County solicitors said they researched the county charter and ethics code, case law and the state ethics act and concluded there is no conflict because Yannuzzi has no ownership in the Hazleton building and does not receive a salary as president of the nonprofit.
Yannuzzi also disclosed his nonprofit role in his application for the authority seat, the solicitors said. Shiner maintains some disclosure boxes on the application were not properly completed.
Yannuzzi attended Tuesday’s council meeting but did not speak. He has declined comment on the matter.
Shiner said additional filings will be made with the ethics commission and county Court of Common Pleas. He urged lawyers to contact him if they are willing to assist, anonymously if needed, saying he is pursuing the action as a resident with limited financial resources.
It’s unclear when the complaints will be addressed, due to issues with the ethics commission.
Another complaint has remained sealed in its envelope since July because the commission has been unable, despite repeated attempts, to find three outside attorneys not employed by the county as required under the council-adopted ethics code.
Council added this provision to address complaints that the commission handled both investigations and rulings. Assigned to cases on a rotating basis, the attorneys must unseal complaint envelopes, investigate and recommend whether cases should be dismissed or upgraded to formal matters heard by the commission.
County Chief Solicitor Romilda Crocamo said this week one lawyer recently responded to a request for proposals, and ethics commission approval is required for that contract to take effect.
County Manager C. David Pedri, District Attorney Stefanie Salavantis and Controller Michelle Bednar serve on the ethics commission along with two council-appointed citizens, one Democrat and one Republican.
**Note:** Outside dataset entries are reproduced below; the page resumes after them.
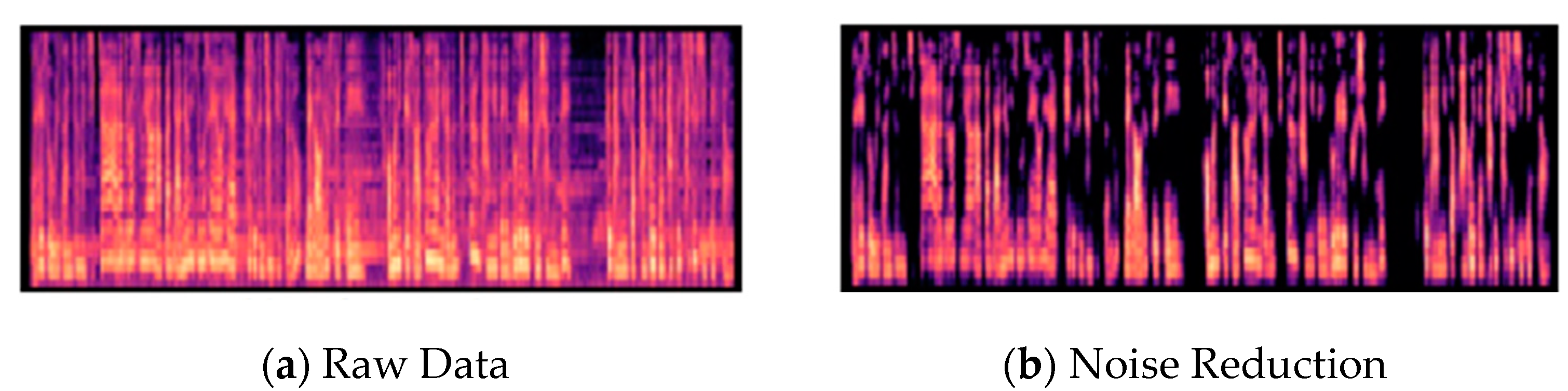 Preprints 87245 g008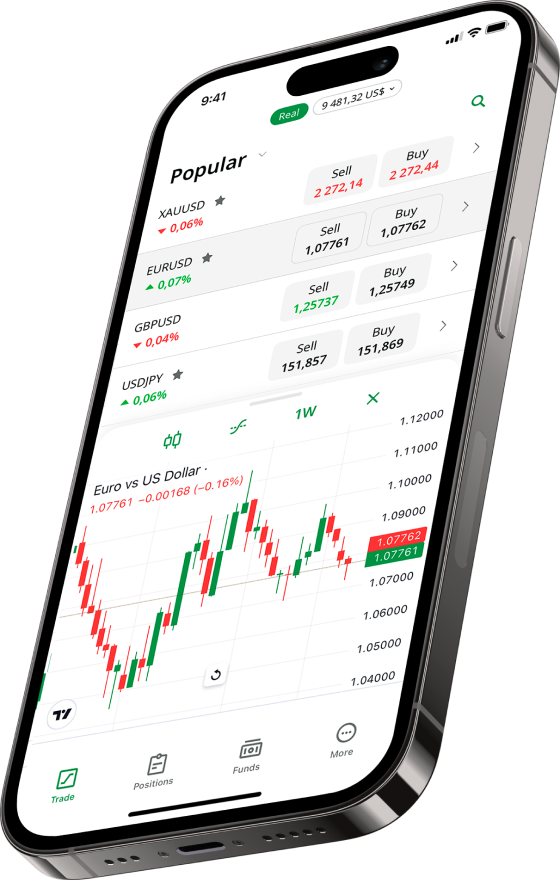 AI  Bots - Orbitronix Platform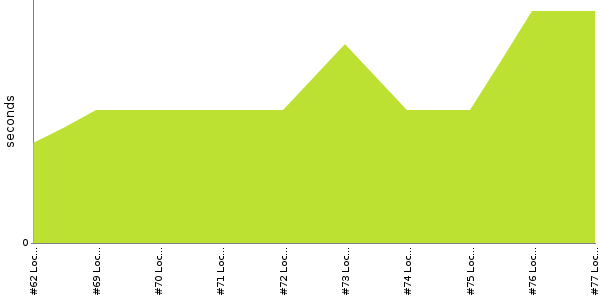 [Duration graph]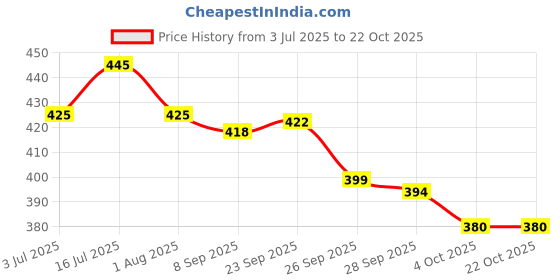 flipkart.com zexsazone The round donut pet bed is perfect for indoor Dog's, puppies Cats XXXL Pet Bed zexsazone Price History Graph from 3 Jul 2025 to 21 Oct 2025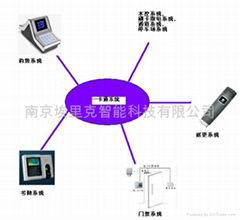 南京刷卡機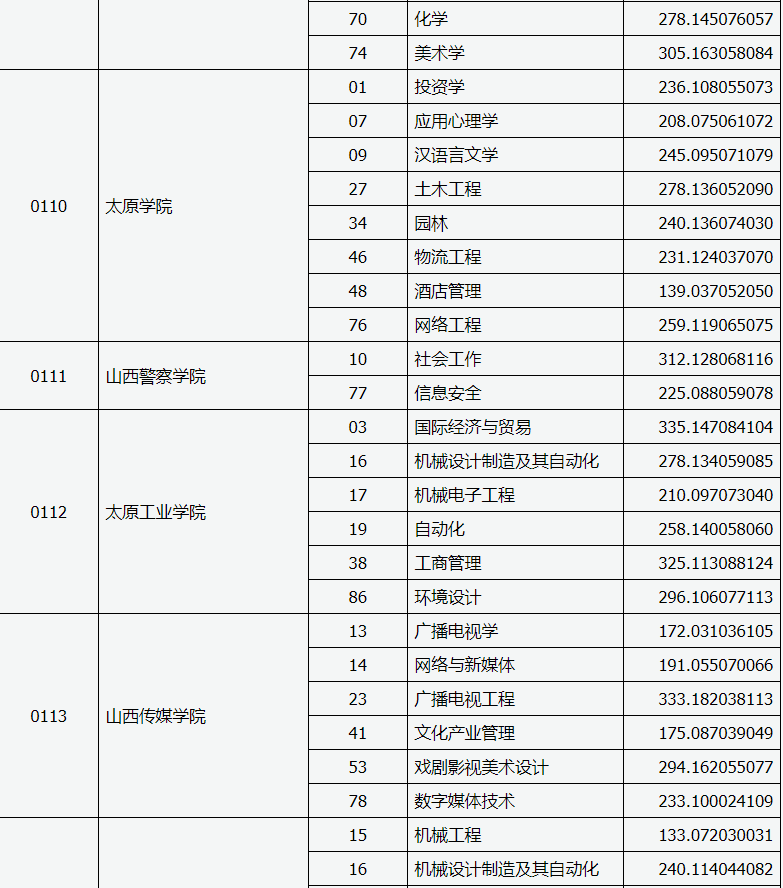 山西省2020年專升本錄取建檔立卡專項(xiàng)一批本科院校投檔線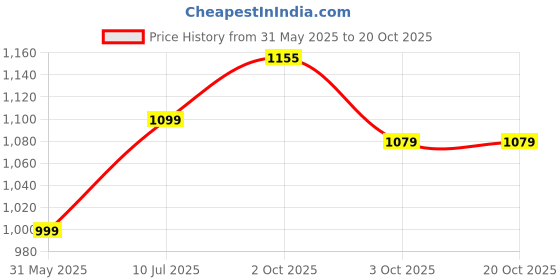 flipkart.com genie Large 36 L Backpack Talia genie Price History Graph from 31 May 2025 to 19 Oct 2025
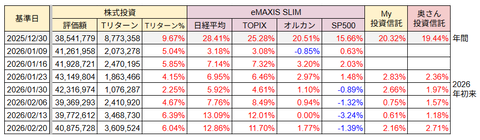 20260222Tリターン比較
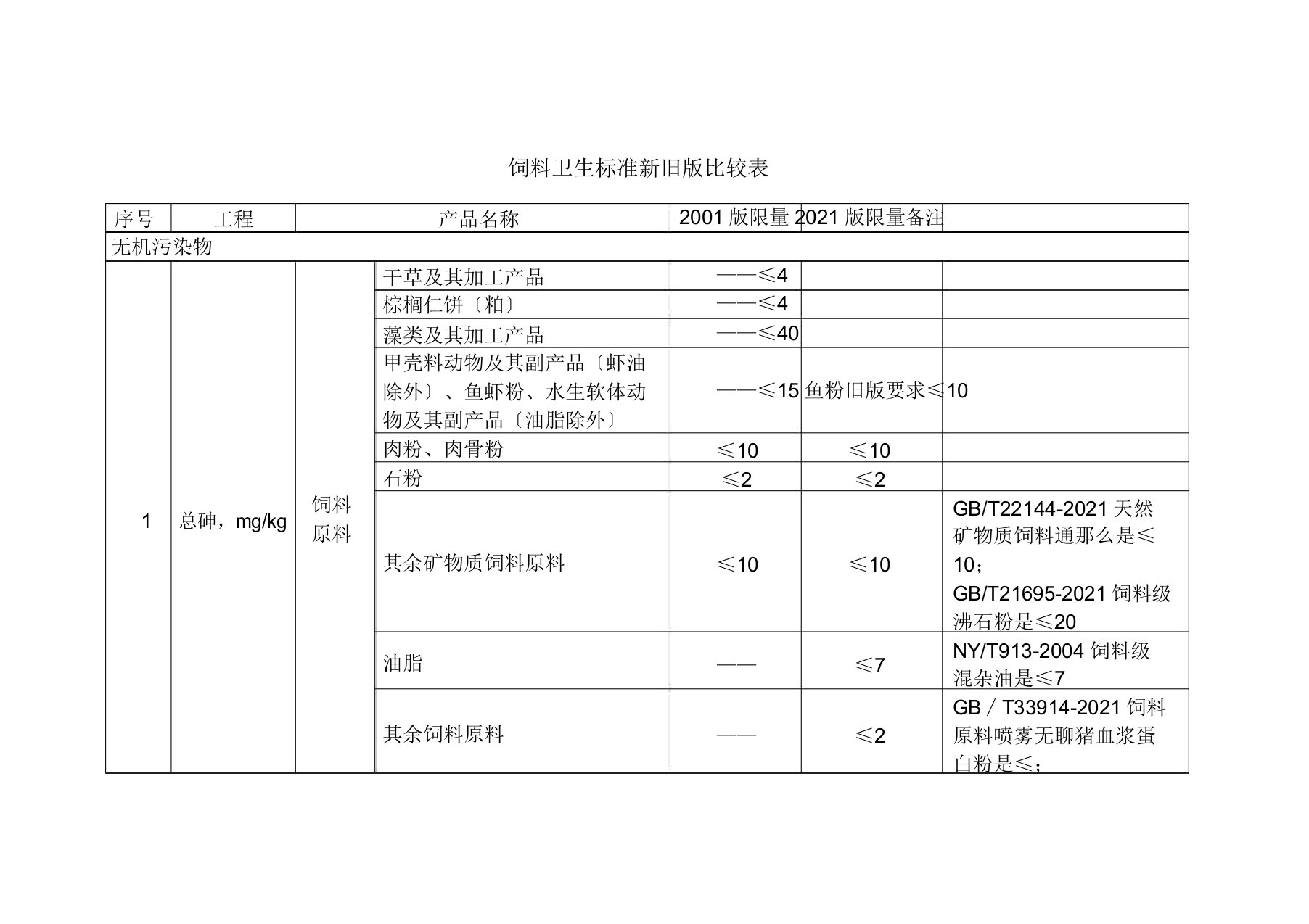 饲料卫生标准新旧对照表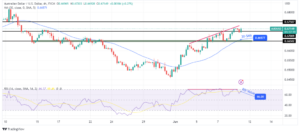 AUD/USD Outlook: Recession Risks Rise After RBA Hike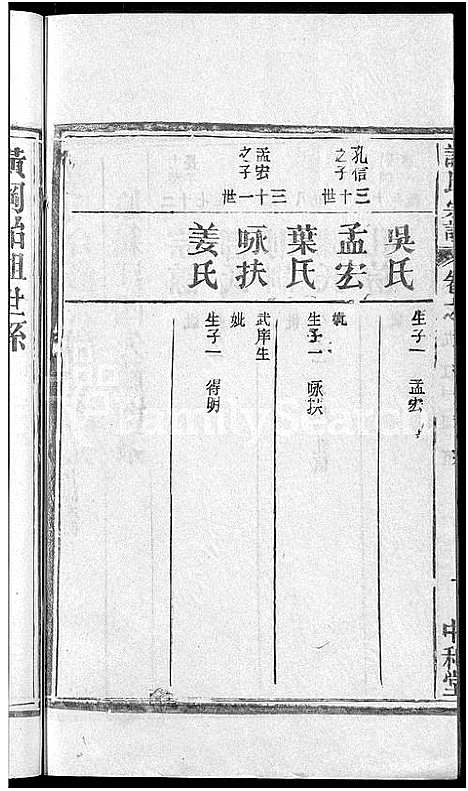 [谭]谭氏宗谱_10卷首2卷-Tan Shi (湖北) 谭氏家谱_三.pdf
Citizen Sean Ziller, a Democrat, serves until March 2020. The Republican seat is open because citizen Christine Seidel’s term expired in January, and she did not seek reappointment.
A council committee met this week to start discussing revisions to county codes, including the ethics one.
Committee Chairwoman Linda McClosky Houck recommended the committee review ethics codes in other counties and consider different formats due to problems finding three attorneys. A strong ethics code was a key component of the home rule government that took effect in January 2012, she said.